Man & the trees – Shof’tim
It sounds like heavy sarcasm when the Torah declares that in wartime an army should not attack the trees, “for is the tree of the field a man that you should besiege it?” (Deut. 20:19-20).
The question is, “What has the tree ever done to you that you should attack it?” Fair enough, but why should you attack a human being either? What have the human beings on the opposing side ever done to you that you should want to harm them?
There is that famous story of the Xmas truce between German and allied troops in World War I. For a day both sides laid down their arms and celebrated Xmas by fraternising and showing each other photographs of their families.

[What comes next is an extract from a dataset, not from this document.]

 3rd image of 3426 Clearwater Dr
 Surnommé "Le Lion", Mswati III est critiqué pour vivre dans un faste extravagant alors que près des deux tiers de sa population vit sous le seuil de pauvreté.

When the day was over it was of course business as usual, the guns started aiming and each side killed the other.
From the ethical point of view human beings and trees should both be treated alike. “Save the trees” is fair enough – but so is “Save the human beings”.
What the Torah has in mind is addressed by the classical commentators and much can be said on the subject. For today let us limit ourselves to a view that Ibn Ezra quotes and rejects, though one can take issue with him on this. He says, “What point is there in saying, ‘Don’t cut down a fruit tree because it is not like man who can flee from you’?”
When you attack human beings of any kind, you are compromising the dictates of ethics. But human beings can at least (sometimes) escape and run away and survive, whilst trees are fixtures. Their legs are deeply rooted in the ground. They have no chance of running away and are doomed the moment you target them.
This is an argument which has a bearing on the Holocaust. In the debate about whether the Sho’ah was unique, we should not forget that the viciousness of the enemy determined to cut off all means of escape for Jews.
All Jews, they decided, had to be eradicated. No escapes, no exemptions, no exits. Total destruction, absolute annihilation. It was not warfare in which a soldier has a chance. It was like an attack on the trees. Fleeing was impossible.
Baruch HaShem, some of European Jewry did survive, but that does not excuse one iota of the fiendish Nazi plan.